The judgment will be handed down on Wednesday (26 March).
The case centres on a planning application, which first came before the council's development committee in April 2021, to redevelop part of the old Truman Brewery Site on Brick Lane in East London.
Five members of the committee were present at the committee meeting. The committee voted unanimously to defer consideration of the proposal.
The committee would next consider the planning application in September 2021. However, by that point, the composition of the committee had changed since the April 2021 meeting.
The council's standing orders provided that where a planning application is deferred, and its consideration recommences at a subsequent meeting, only members present at the previous meeting will be able to vote on the application.
In accordance with that rule, it was announced at the beginning of the 14 September 2021 meeting that only councillors who were present at the meeting on 27 April 2021 could vote on the planning application.
The committee resolved to grant planning permission by a vote of two to one.
The appellant, the Spitalfields Historic Building Trust, then applied for judicial review of the decision on the ground that it had been unlawful to exclude committee members from voting at the September meeting if they had not been present at the April meeting.

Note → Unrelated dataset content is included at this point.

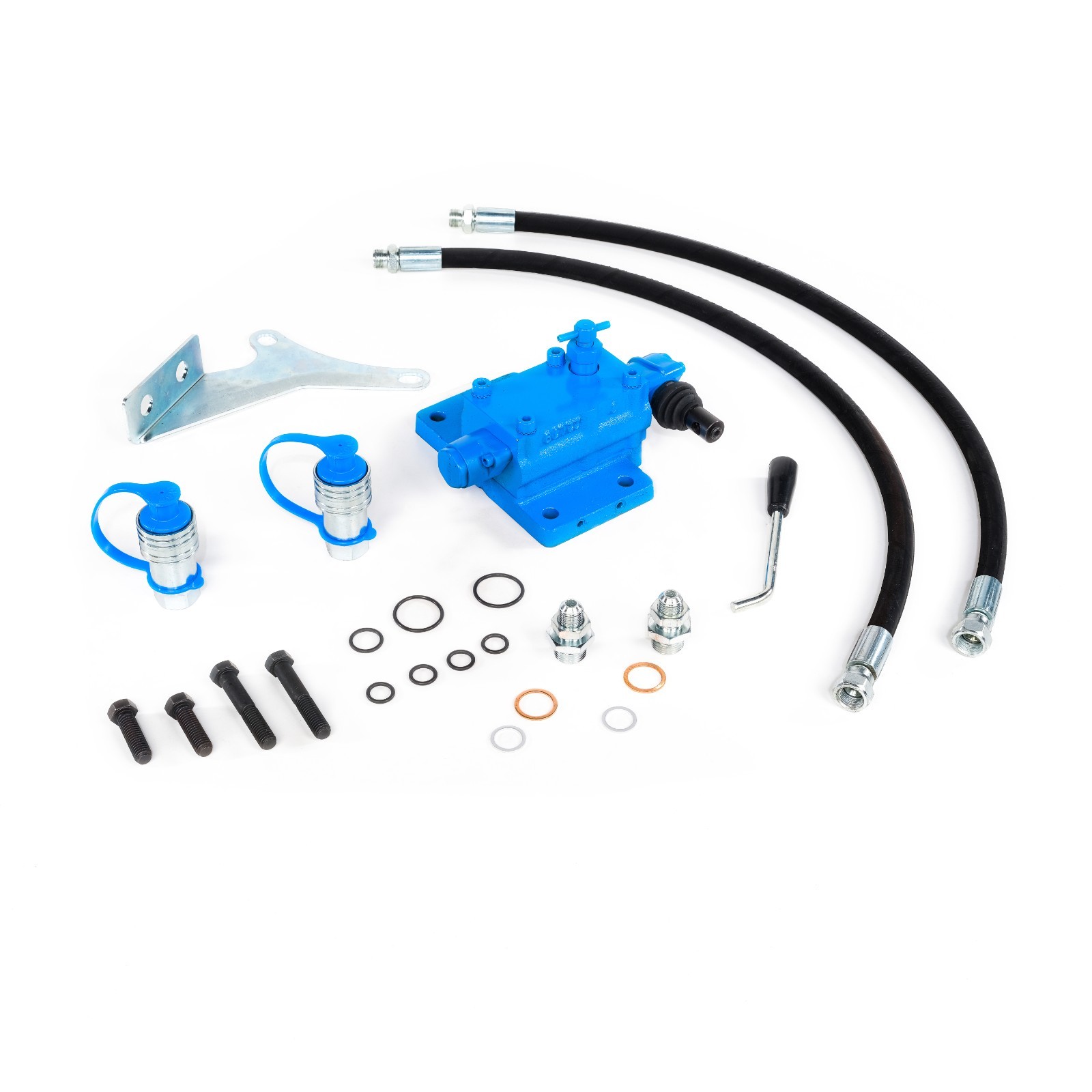 Single Spool Double Acting Hydraulic Remote Control Valve Kit 2000-3000 More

The High Court refused the application, leading the appellant to appeal to the Court of Appeal.
In The Spitalfields Historic Building Trust, R (On the Application Of) v London Borough Of Tower Hamlets [2023] EWCA Civ 917, Sir Keith Lindblom, Senior President of Tribunals, said: "It is common ground between the parties, and I agree, that it was not irrational for the council to restrict voting on deferred applications to the members present at the first meeting at which such an application has been considered.

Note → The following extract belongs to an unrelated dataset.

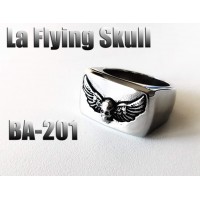 Ba-201, Bague La Flying skull acier inoxidable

"The central dispute in the case is whether, despite this being a rational provision to put in place as a standing order, to do so was nevertheless ultra vires because it lay outside the council's power under paragraph 42 of Schedule 12 to the [Local Government Act 1972] to use standing orders to regulate its own' proceedings and business'."
He dismissed the appeal after accepting that the 1972 Act empowered the council lawfully to make a standing order in the form of the restriction on voting.
The Spitalfields Historic Building Trust subsequently appealed to the Supreme Court.
Lord Reed, Lord Sales, Lord Hamblen, Lady Rose and Lord Richards heard the case on 25 July 2024.